Hartlepool Magistrates’ Court heard how Martin previously overcame drink problems by flooding his body with alcohol and experiencing all of the “negative effects both physically and spiritually”.
And Martin claimed he was planning to do exactly the same with cannabis to rid his body of the drug he has been taking since he was 16 years old.
But the monk’s bizarre plan came crashing down when police attended his home in April this year after receiving reports of an insecure front door and discovered 28 cannabis plants, worth £12,600, as well as nine lamps and transformers.

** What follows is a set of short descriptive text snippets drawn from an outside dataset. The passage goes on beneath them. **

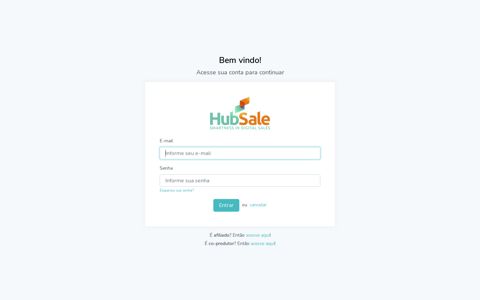 Acesse sua conta | HubSale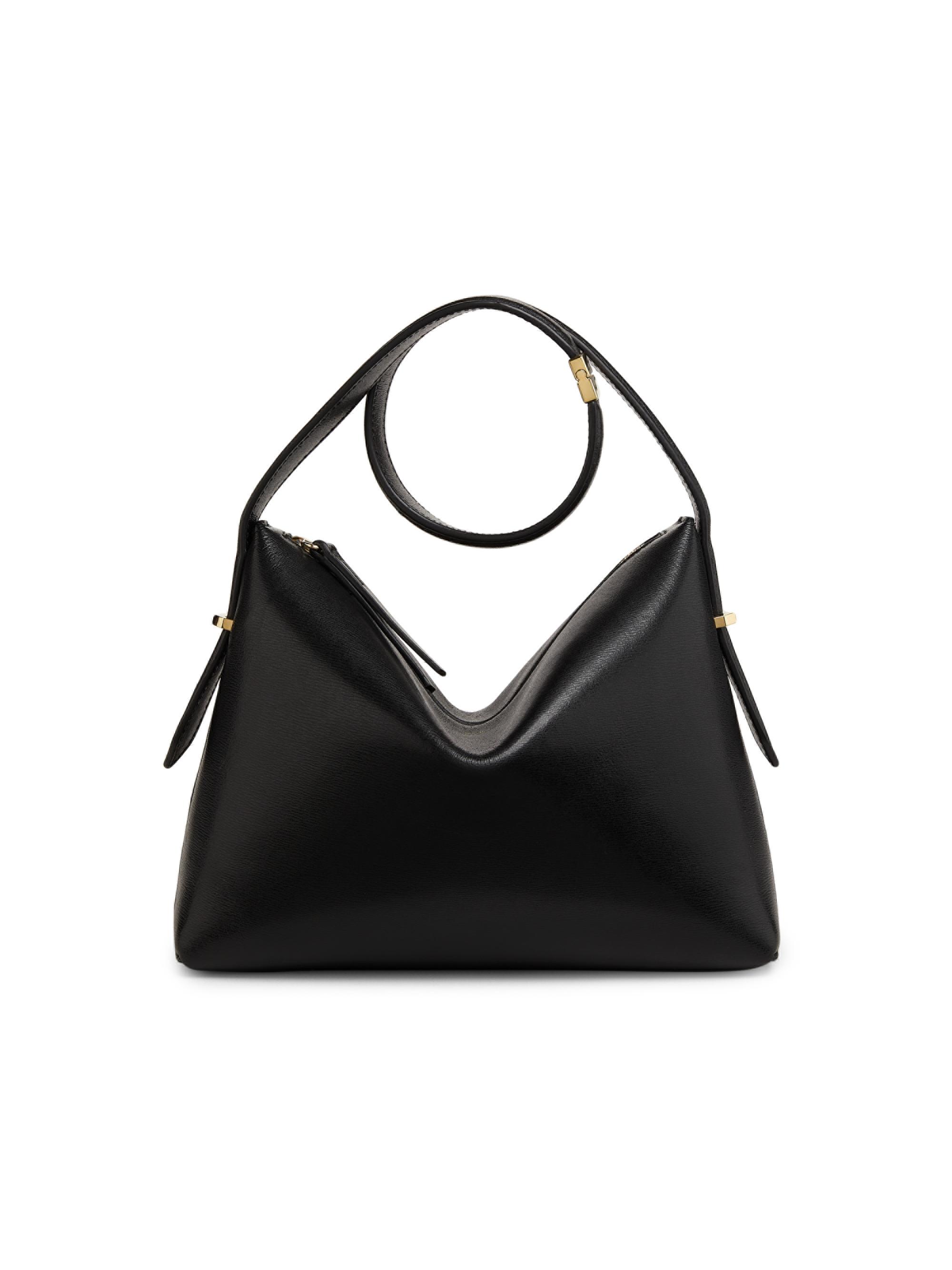 Toteme Women's Scoop Leather Wristlet - Black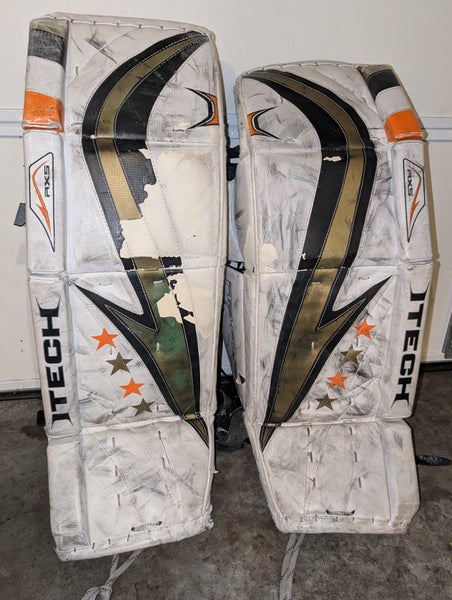 34" Itech Re-Flex GP RX5 Goalie Leg Pads (Used)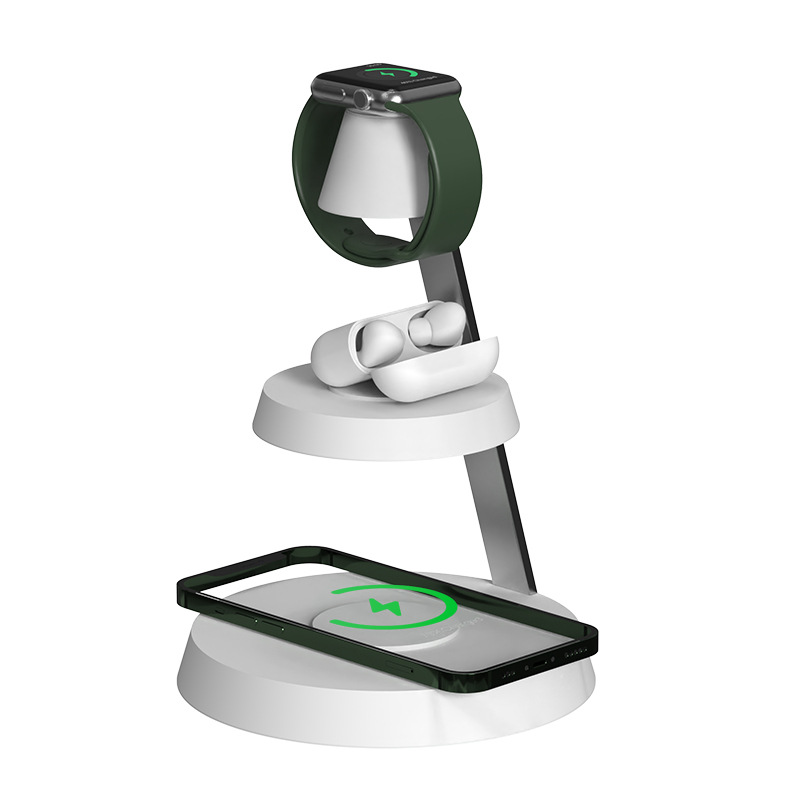 IGaur aigoer pagoda cargador inalámbrico cargador cinco en uno estación de carga inalámbrica con luz nocturna 42W cargador inalámbrico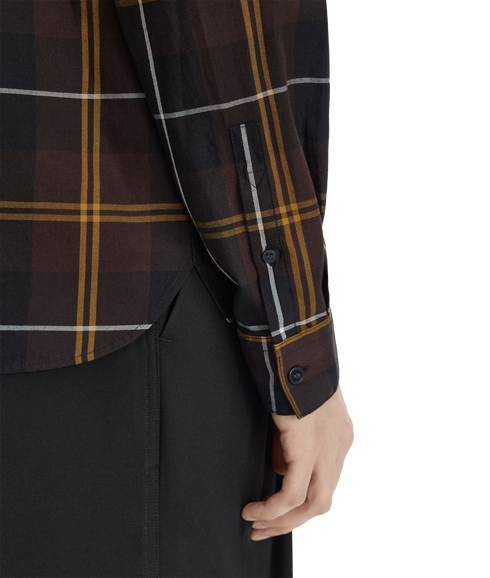 Twill Tartan Shirt - Brown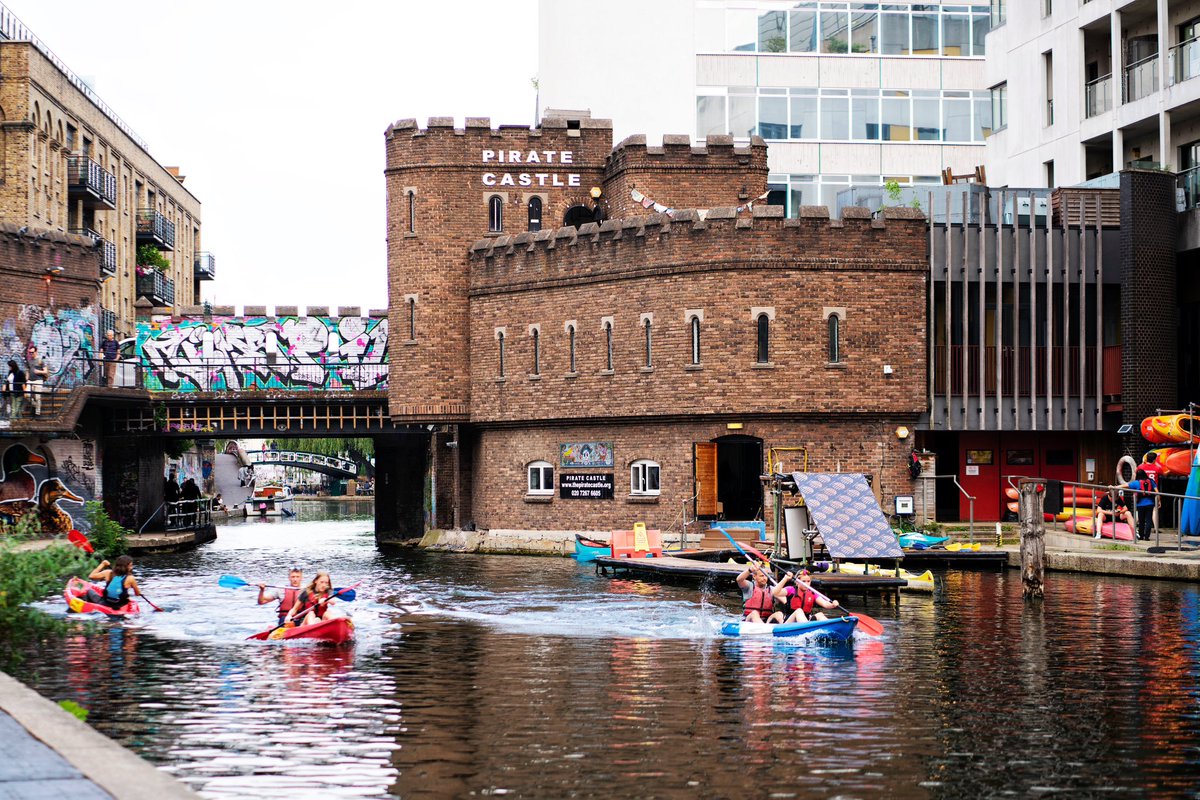 FootwaysLondon's tweet photo. Discover @thepiratecastle! 🏴‍☠️ A unique community charity offering inclusive water-based activities for local youth &amp; adults - kayaking, canoeing, canal boating, knot-tying! adventures! 🌊 #CommunityCharity 

Featured on our #CamdenGreenLoop 🗺️ https://t.co/3MCX99oR0l https://t.co/hRRuuLCBbK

Martin pleaded guilty to producing a controlled class B drug but will have to await his fate after magistrates sent the case to Teesside Crown Court.
Lynne Roberts-Ploughman, prosecuting, said: “At 9.30am on April 20 police attended an address in Hartlepool following reports of an insecure door.
“They arrived and located a cannabis farm in an upstairs front bedroom.
“While the police were there, the defendant arrived and said ‘I live here, they are all mine’.”
Dave Smith, mitigating, described Martin as “not the average visitor to this court”.
The defendant has featured in the Mail in the past and explained how he got into the Taoist practice through an interest in martial arts.
Those who practice the Taoist culture attempt to live in a certain way to unite the mind, body and spirit in order to get the most out of each one.
The court heard how Martin studied under an experienced Taoist monk and practices meditation and yoga on a daily basis.
Mr Smith said: “Mr Martin is an articulate and intelligent man, and fully understands that what he was doing is illegal.
“He was smoking 10-15 joints a day and this concerned him in relation to the lifestyle of a monk. His plan was to take in a vast amount of cannabis so he took in all the negative effects.”
Mr Smith continued: “He has had alcohol problems in the past and the course he took was to over-indulge in alcohol and flood the system so he experienced all the negative effects both physically and spiritually and he was able to rid his life of alcohol.
“He planned to do this with cannabis but the difficulty arose because in order to get the amount he needed was firstly extremely expensive and would also open him up to some rather unsavoury characters, so he set about growing his own.
“This isn’t an excuse I have heard often before, but that doesn’t mean it’s not a believable one.”
The crown court date is yet to be set.